==== RECORDED DATA ====

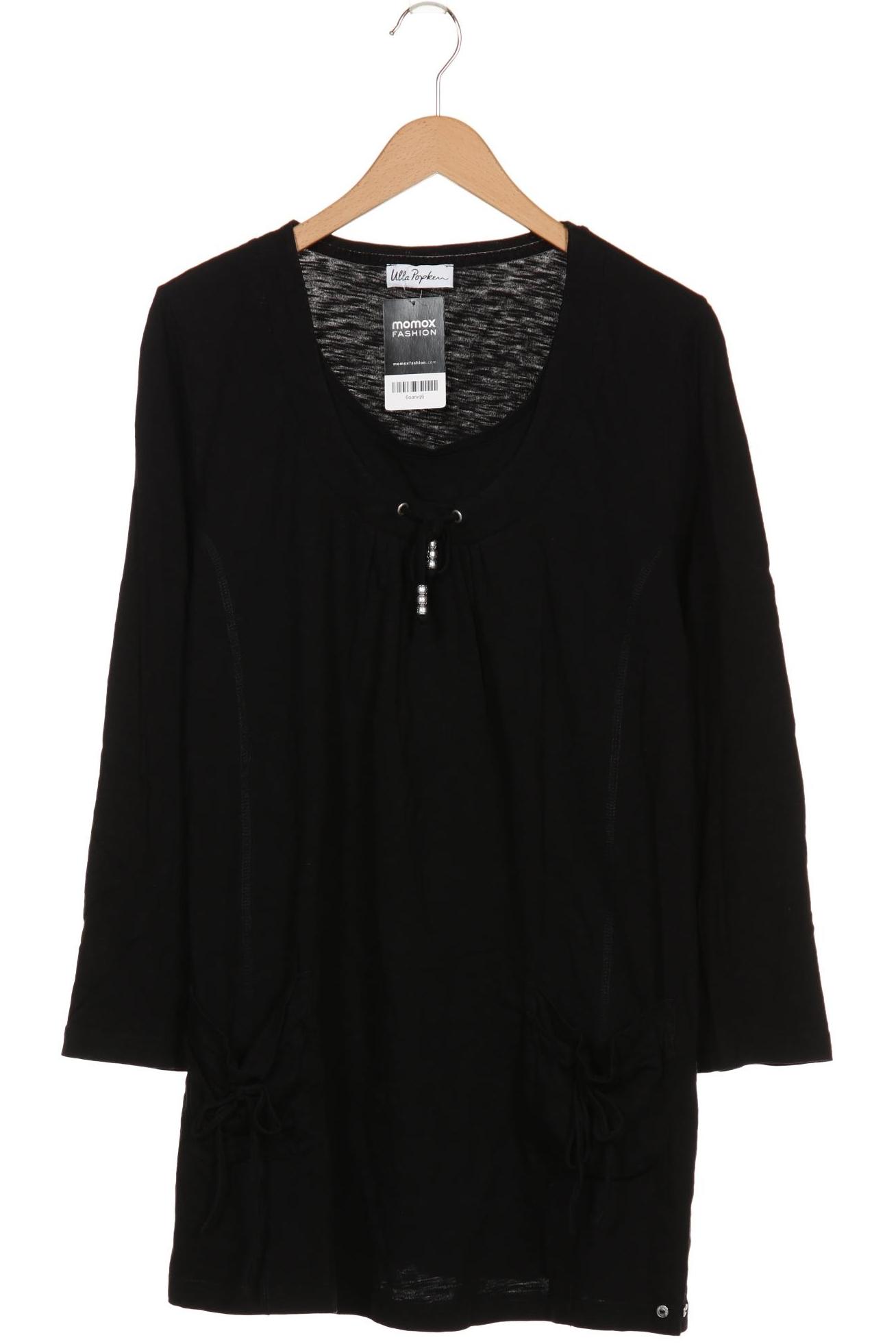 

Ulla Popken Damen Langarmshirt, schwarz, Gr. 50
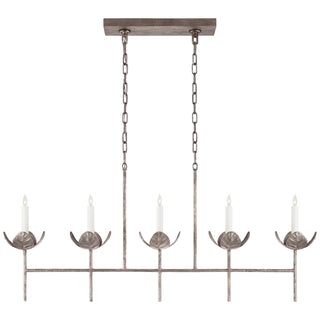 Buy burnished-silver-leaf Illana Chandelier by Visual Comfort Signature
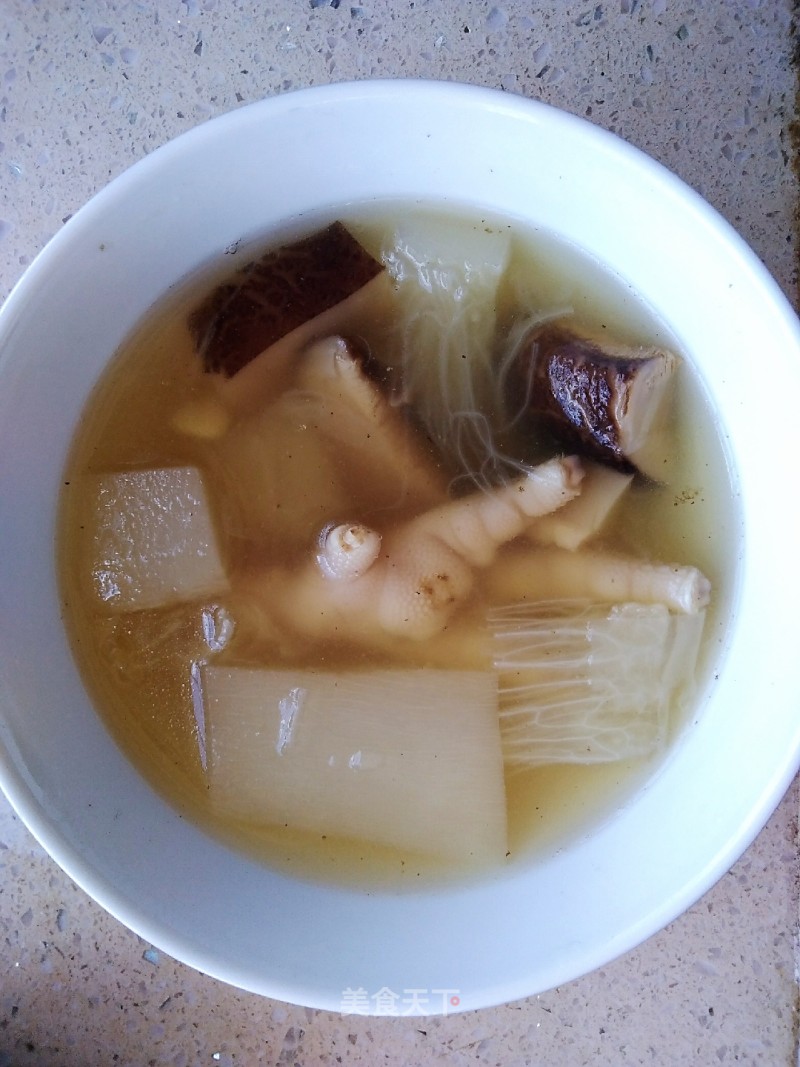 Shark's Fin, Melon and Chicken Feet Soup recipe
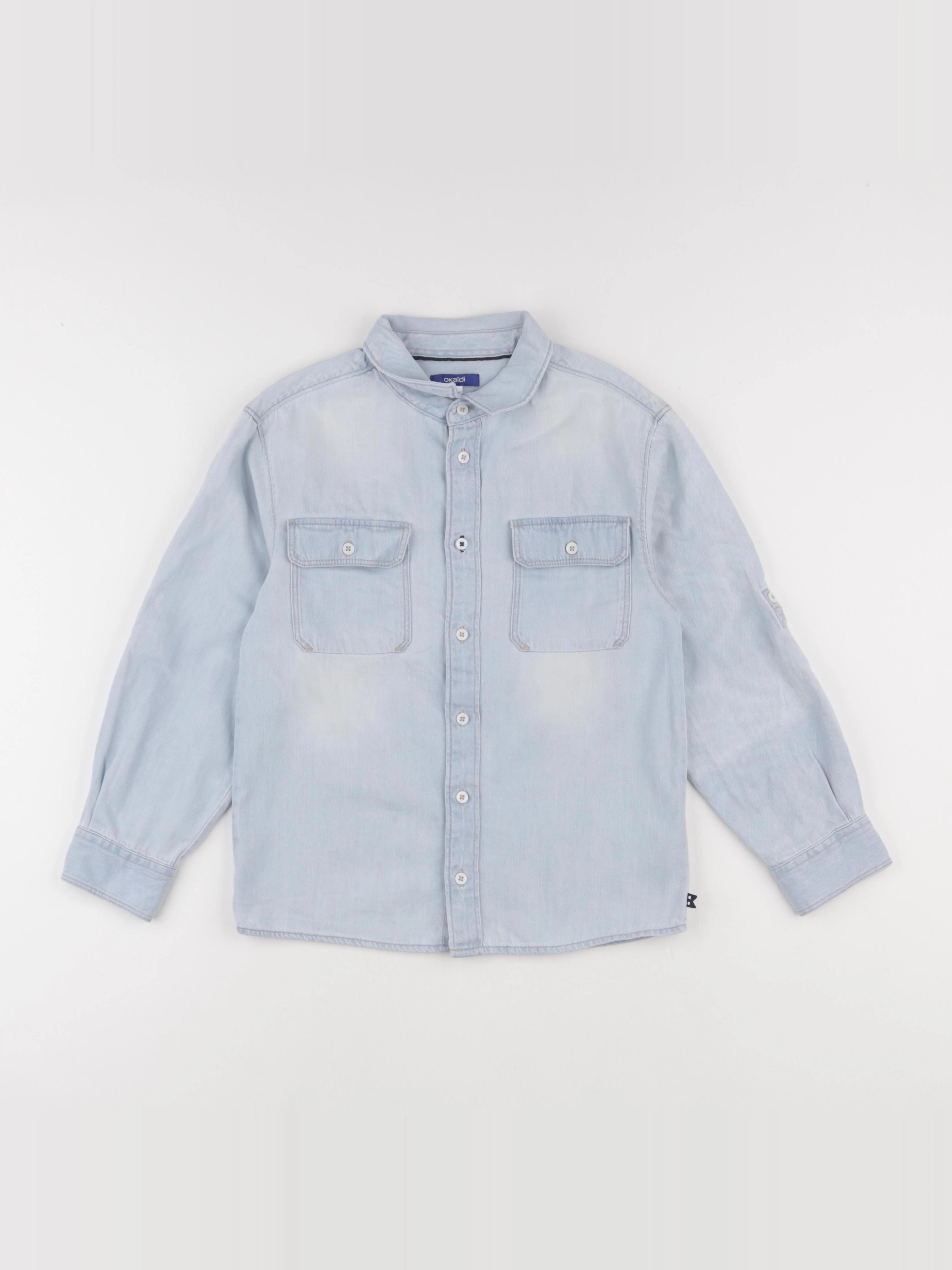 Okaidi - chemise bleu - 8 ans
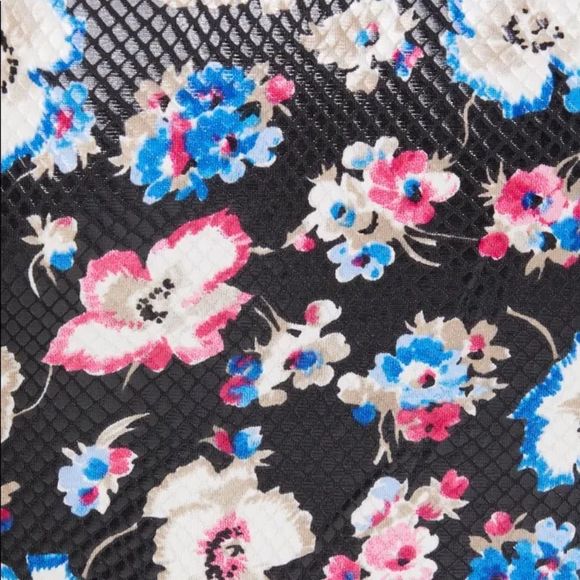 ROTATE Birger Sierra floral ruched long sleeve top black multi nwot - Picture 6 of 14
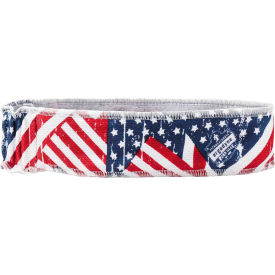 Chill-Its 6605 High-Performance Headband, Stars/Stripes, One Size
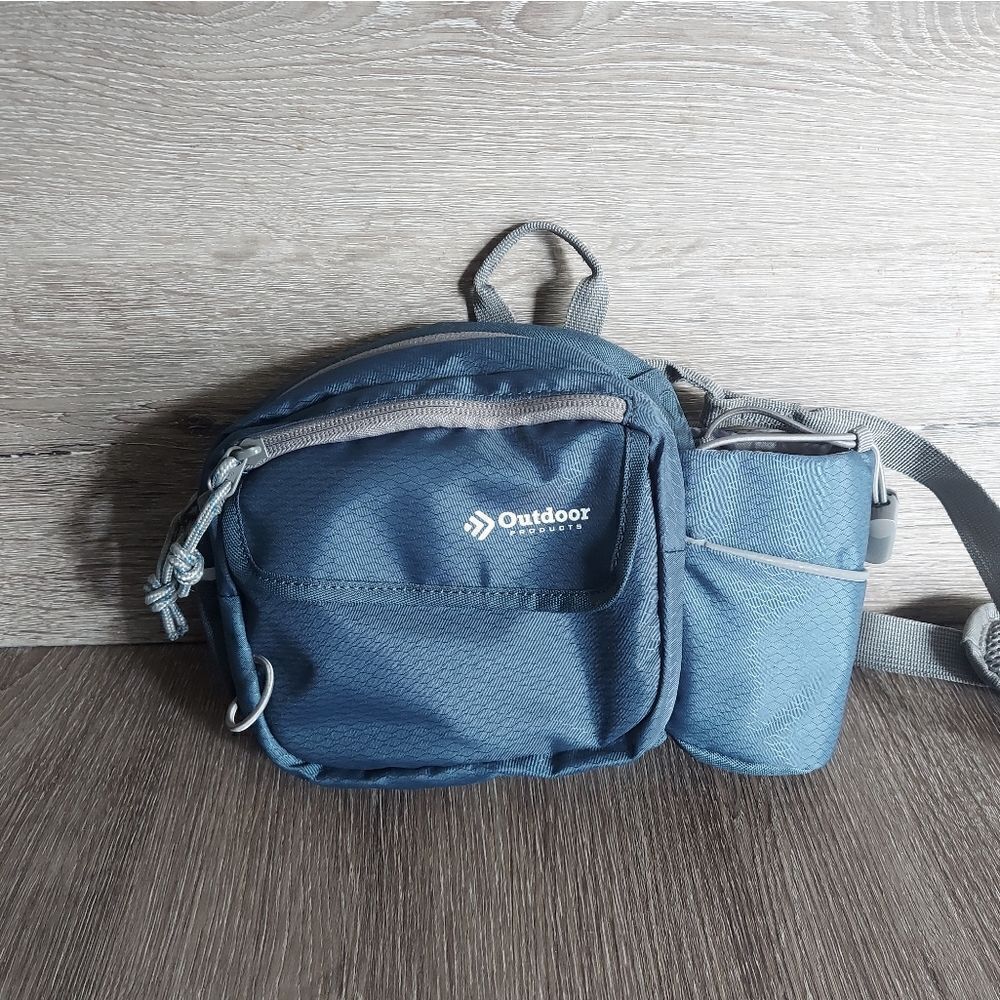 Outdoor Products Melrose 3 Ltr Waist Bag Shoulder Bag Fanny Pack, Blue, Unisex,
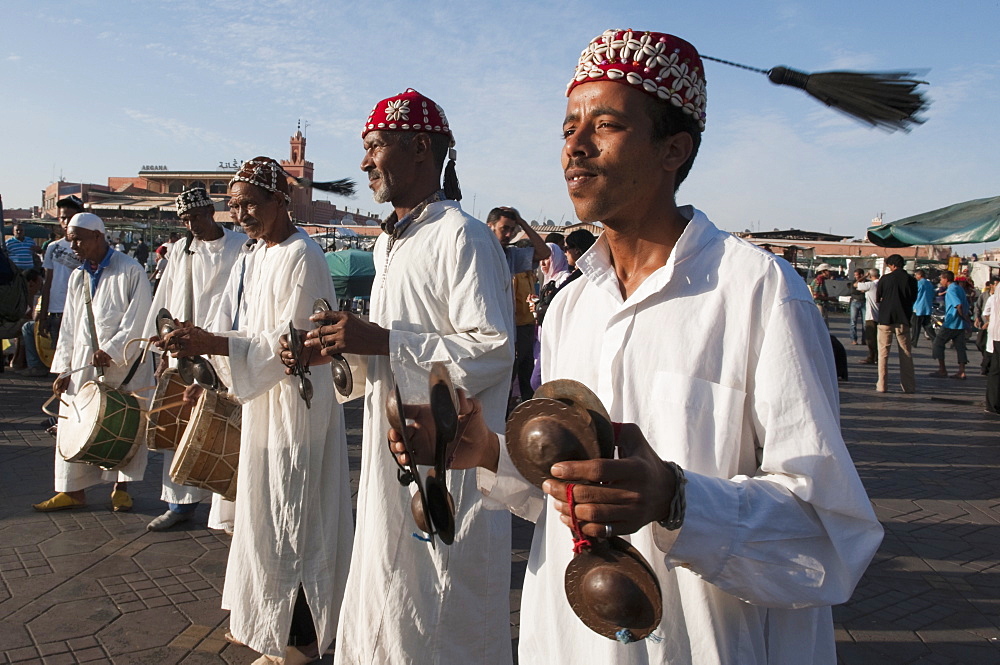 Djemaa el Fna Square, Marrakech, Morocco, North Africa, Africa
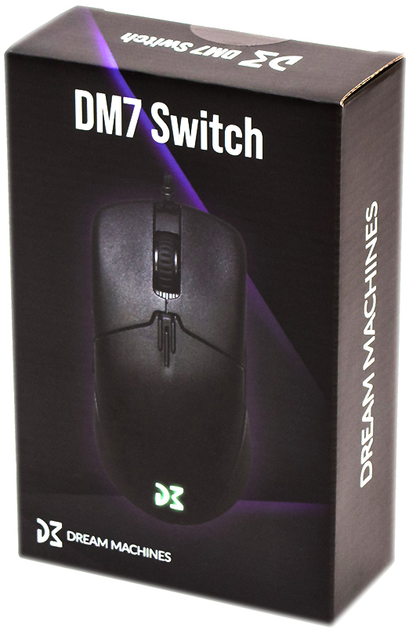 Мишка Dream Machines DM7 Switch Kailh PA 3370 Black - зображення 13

====

■ INSTRUCTIONS TO FOLLOW
Take the line containing "Outdoor Products Melrose" and every line after it up to the end of the data, and write them out exactly, without the pictures.

■ OUTPUT OF THE EXERCISE
 Outdoor Products Melrose 3 Ltr Waist Bag Shoulder Bag Fanny Pack, Blue, Unisex,
 Djemaa el Fna Square, Marrakech, Morocco, North Africa, Africa
 Мишка Dream Machines DM7 Switch Kailh PA 3370 Black - зображення 13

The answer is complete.